DATA PROVIDED START

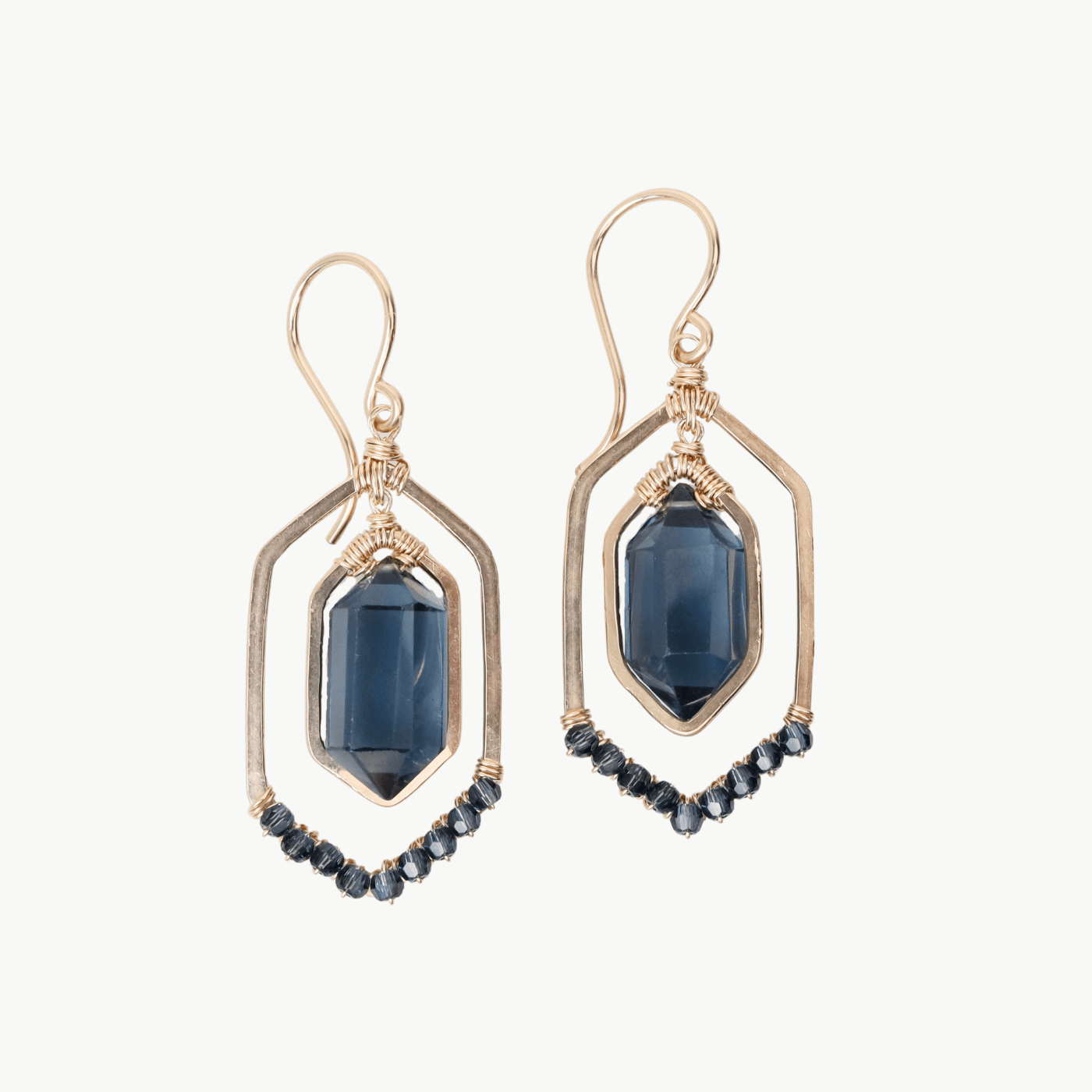 EAR-GF Gold Filled Long Hexagon Earrings in London Blue Q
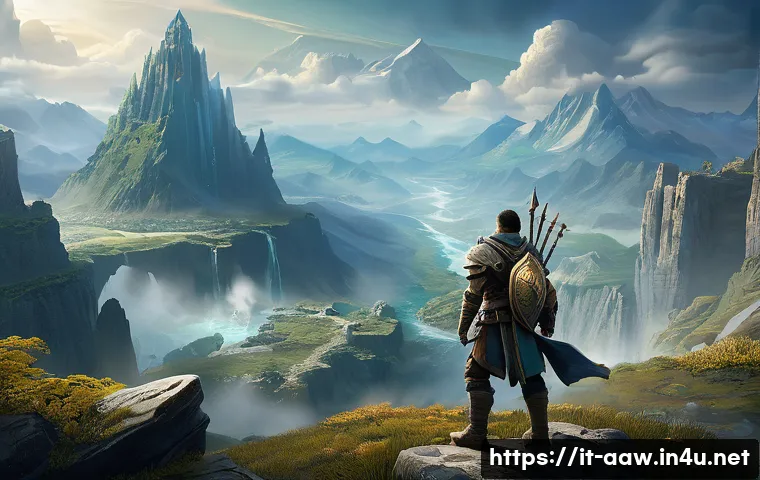아키에이지 신규 콘텐츠 공략 - A detailed fantasy landscape depicting newly discovered territories in a MMORPG game expansion: rugg...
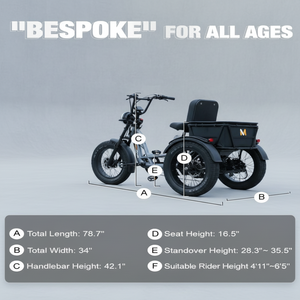 Vélo électrique à trois roues pour seniors, avec batterie au lithium 20Ah, moteur arrière 750W, pneus larges 48V, tricycle électrique <span class=keywords><strong>cargo</strong></span> - Product Image 6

DATA PROVIDED END

- [EXERCISE DETAILS] Quote the material word for word, dropping any images it holds.

- [OUTPUT OF THE TASK]
 EAR-GF Gold Filled Long Hexagon Earrings in London Blue Q
아키에이지 신규 콘텐츠 공략 - A detailed fantasy landscape depicting newly discovered territories in a MMORPG game expansion: rugg...
 Vélo électrique à trois roues pour seniors, avec batterie au lithium 20Ah, moteur arrière 750W, pneus larges 48V, tricycle électrique <span class=keywords><strong>cargo</strong></span> - Product Image 6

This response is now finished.